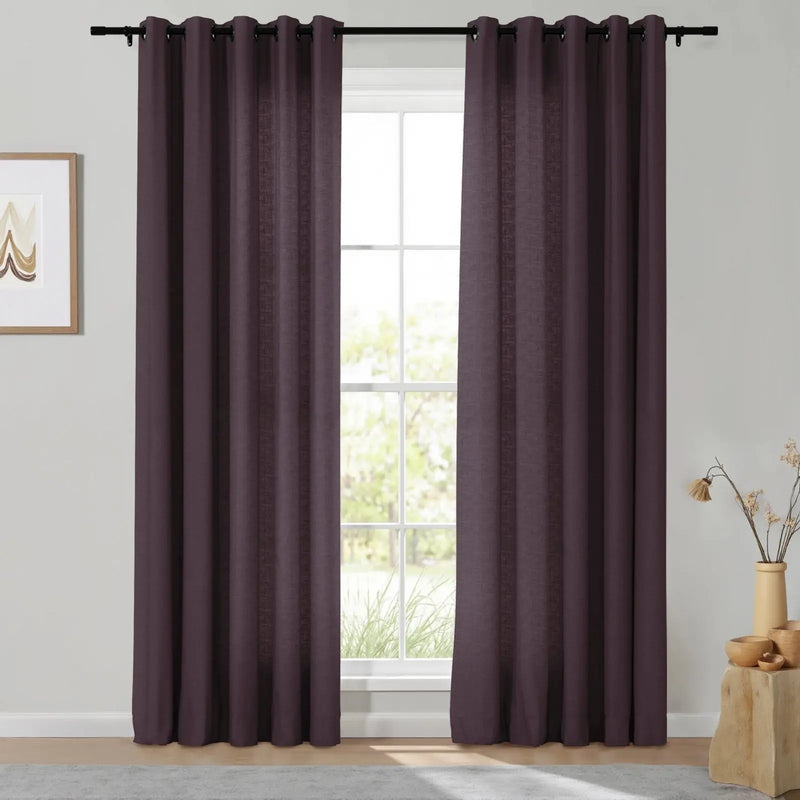 Isabella Heavyweight Cotton Eyelet Curtains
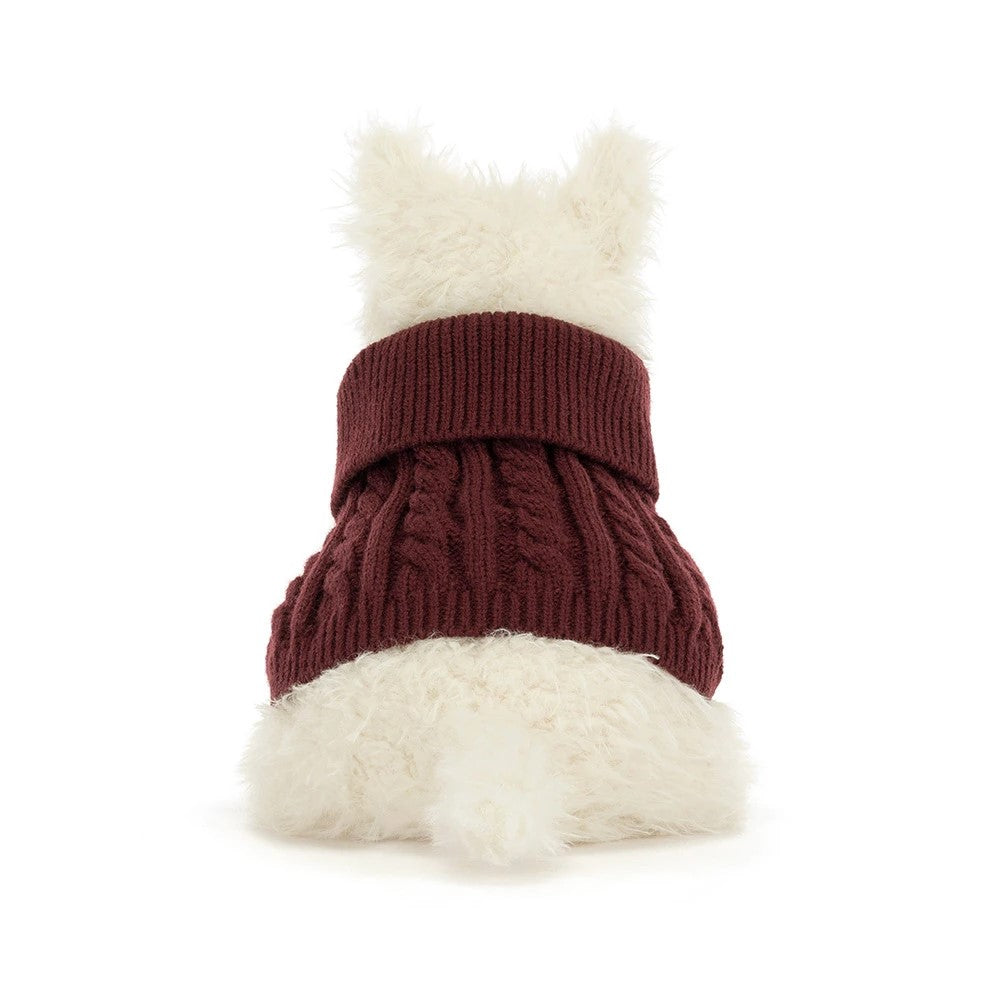 Jellycat Munro Scottie Dog 'Winter Jumper'-MUN2JUM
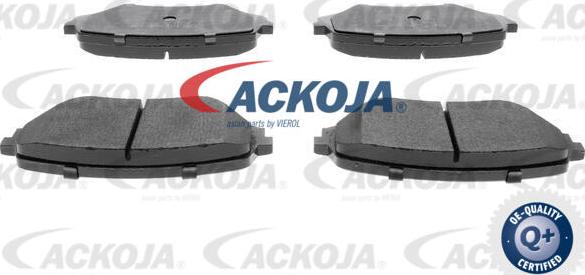 ACKOJA A32-0066 - Комплект спирачно феродо, дискови спирачки vvparts.bg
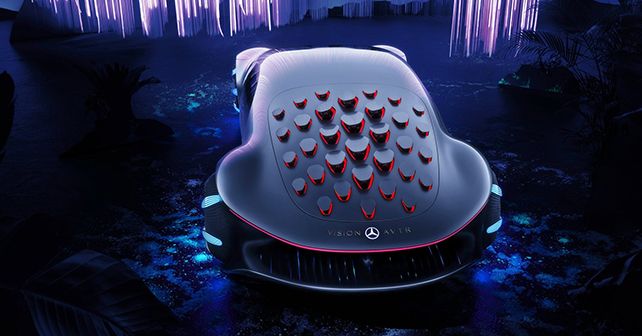 Mercedes Benz Vision Avtr Concept Rear CES 2020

_Prompt_. Leave out the pictures and repeat the remaining data exactly.

_Exercise result_.
 Isabella Heavyweight Cotton Eyelet Curtains
 Jellycat Munro Scottie Dog 'Winter Jumper'-MUN2JUM
 ACKOJA A32-0066 - Комплект спирачно феродо, дискови спирачки vvparts.bg
 Mercedes Benz Vision Avtr Concept Rear CES 2020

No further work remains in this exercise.